Question for folks that have setup a split between...
# ask-the-community
e
Question for folks that have setup a split between metadata / data buckets. I'm trying to dial in the ideal config, and I think there's something I'm missing. In the Helm chart for flyte-core, the
storage
section is shared amongst flyteadmin, flytepropeller, etc -- so my understanding is that the bucket specified there should be the metadata bucket. Flyteadmin generates signed urls for: • pyflyte register - to store the workflow definition • pyflyte run - to store the initial inputs But I would think that inputs are data rather than metadata ... am I misunderstanding?
So doesn't that indicate that Flyteadmin has to differentiate between / generate different signed urls based on the context?
k
But I would think that inputs are data rather than metadata ... am I misunderstanding? (edited)

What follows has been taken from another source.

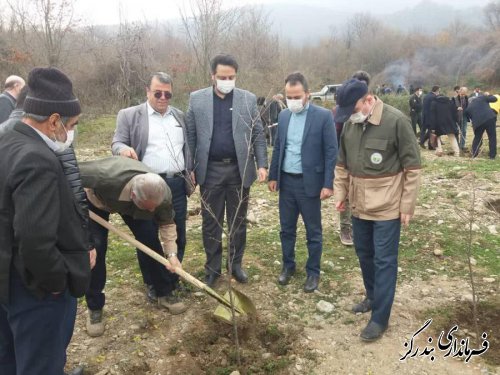 پویش ایران سرسبز در شهرستان بندرگز آغاز شد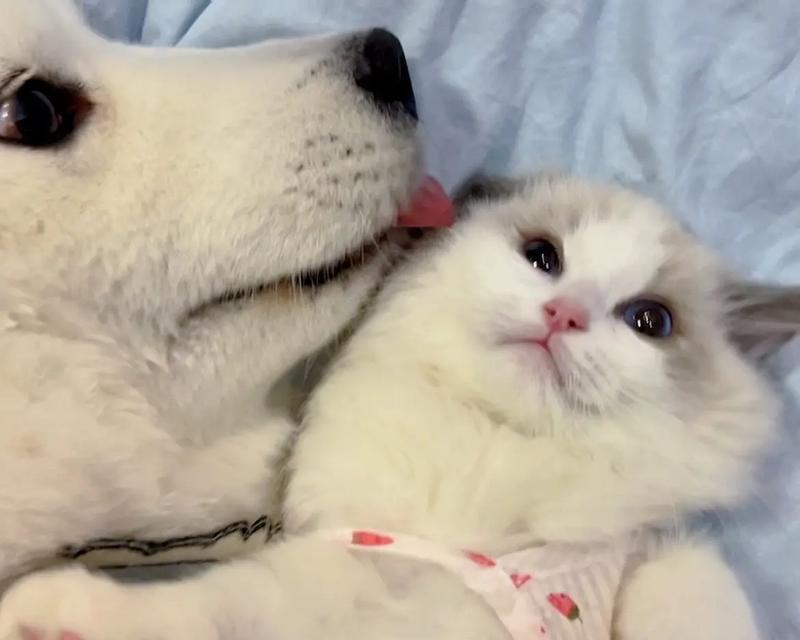 布偶猫与孩子（让孩子与布偶猫共同成长，培养责任感和友善性格）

int, string, and float are metadata
flytekit will offload the data to other bucket for flytefile or structured dataset
IIRC, flytekit send metadata to flyteadmin through gRPC, and admin will upload input.pb to s3
n
I also see this issue with splitting things between data and metadata buckets...the problem for me stems from the way
CreateUploadLocation
works. For instance, if I run something like
Copy code
pyflyte run remote-launchplan workflow.test_input --infile test.txt
I see calls to
/flyteidl.service.DataProxyService/CreateUploadLocation
. This will return a signed url for uploading
test.txt
to my metadata bucket, but I would like for the file to go to my data bucket. I have tried modifying flyteadmin's storage location, but then all of the
.pb
files it writes also go to my data bucket Is there a different way I should be launching workflow executions so the inputs are stored in my data bucket?